Icahn, the company's largest shareholder with a 9.45 percent stake, said the only condition on his $32.50-a-share offer was that shareholders elect a slate of directors whom he will nominate to the company's board.

"Mismanagement of this company has resulted in a lost decade of shareholder value," Icahn said in a statement. "Oshkosh needs proactive shareholders to bring a proactive management team together to weather a volatile economy."

Oshkosh said its board would advise shareholders of its position on the offer within 10 business days, and suggested that shareholders not act on the offer until the board has reviewed it.

Oshkosh shareholders had, in January, voted down an Icahn-backed slate of directors.

Shares of the company surged 12 percent to $29.98 on the news, earlier hitting $31.30, their highest since July 2011.

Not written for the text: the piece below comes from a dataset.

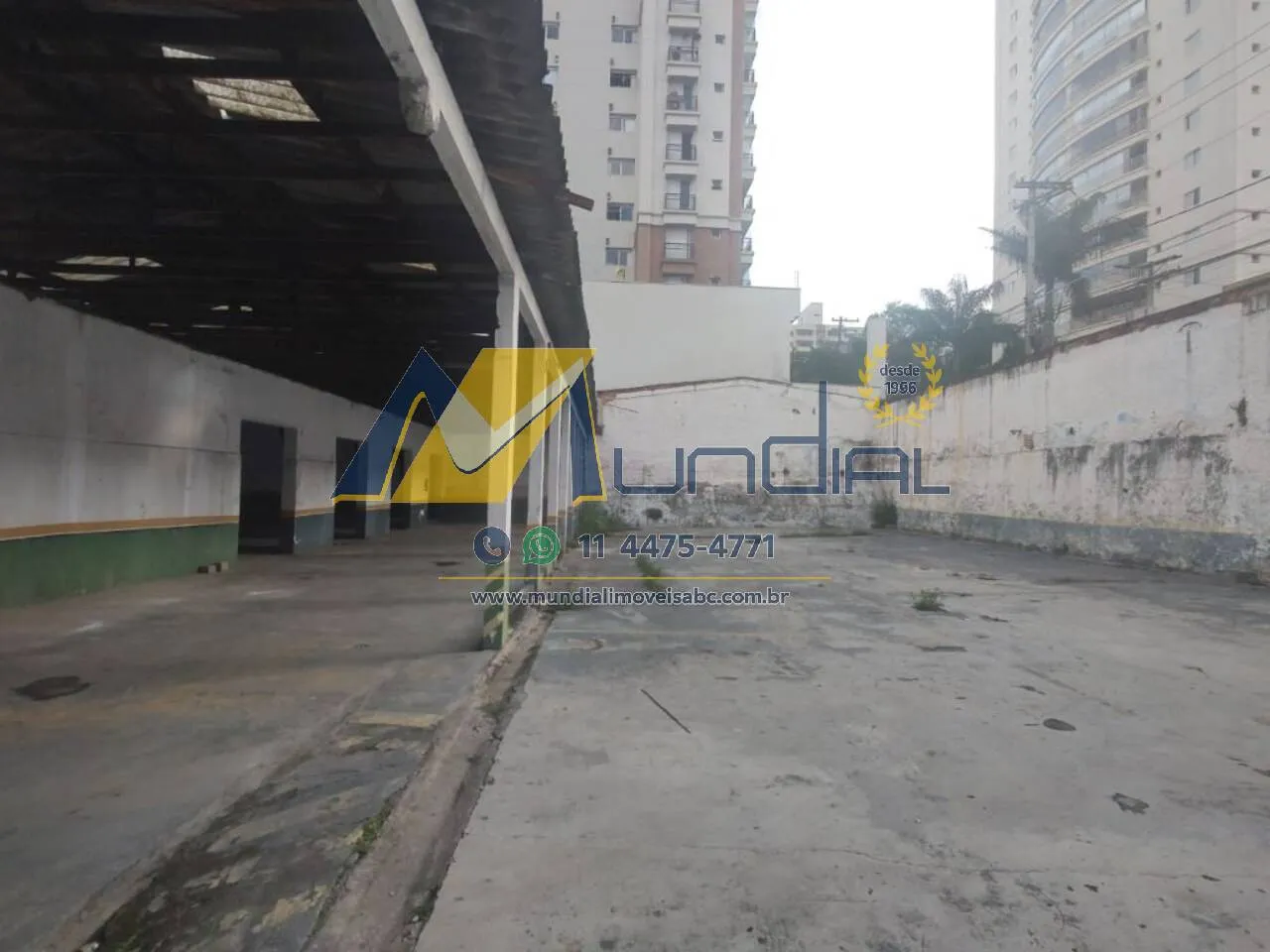 Imagem Galpão para Alugar com 944m² e 70 vagas!!!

"It's not an unattractive price by any means, but it's surely not a fully valued price," said Eli Lustgarten, an analyst who covers Oshkosh at Longbow Research.

Lustgarten has a "buy" rating on Oshkosh with a $34 target price.

Profit at the Oshkosh, Wisconsin-based company slumped about 36 percent through the first nine months of its recently ended fiscal year, hurt by declines at its military-vehicle unit.

Last month, Oshkosh management met with analysts and laid out a plan to double annual profit by 2015, helped by cost costs and strong growth at its JLG aerial-lift arm.

In August, Icahn told Reuters he believed Oshkosh should spin off JLG, which it acquired in 2006 for $3 billion.

NAVISTAR RISES

Oshkosh is not Icahn's only big holding in the U.S. trucking sector. He is also the third-largest shareholder of Navistar International Corp , with a 14.94 percent stake.

Icahn proposed merging the two companies last year, a move supported by former Navistar Chief Executive Daniel, but opposed by Oshkosh.

Navistar shares rose 6 percent to $23.34.

"People are thinking that with Icahn involved in both, there's an opportunity to put them together and generate some shareholder value," said David Leiker, an analyst at Robert W. Baird & Co who covers Navistar.

Leiker said he didn't see a lot of sense in combining the two companies. While both make military trucks, they assemble them in different ways, he said, adding, "It's like bicycles and cars."

A spokeswoman for Navistar, which in late August replaced Ustian with former Textron Inc CEO Lewis Campbell, declined to comment.

Last week, Icahn was victorious in his campaign at Navistar when the maker of International-brand trucks agreed to accept Icahn associate, Vincent Intrieri, to its board. The company also agreed to accept another shareholder, Mark Rachesky, as a director and to take on one other director nominated by the two investors.

SHAREHOLDER VOTE

Oshkosh shareholders' rejection in January of Icahn's director nominees has not deterred the billionaire, who is known for taking large stakes in companies and pushing for management shake-ups or sales.

Icahn urged Oshkosh in August to spin off its JLG aerial-lift unit to shareholders, saying that business, which Oshkosh bought in 2006 for $3 billion, would do better on its own.

In a statement Thursday, he said that, once officially made, his tender offer would expire in 45 days, but that if at least 25 percent of the company's outstanding shares were sold to him, he would extend it.

Should he be able to boost his stake to 50.1 percent, Icahn added, "we will demand that the current board ... accelerate the upcoming annual meeting to allow the prompt election of our slate of directors so that the tender offer can close quickly."

Oshkosh shares have risen some 52 percent over the past year, while Navistar's have declined 39 percent. The broad Standard & Poor's 500 index <.SPX> has risen 10 percent.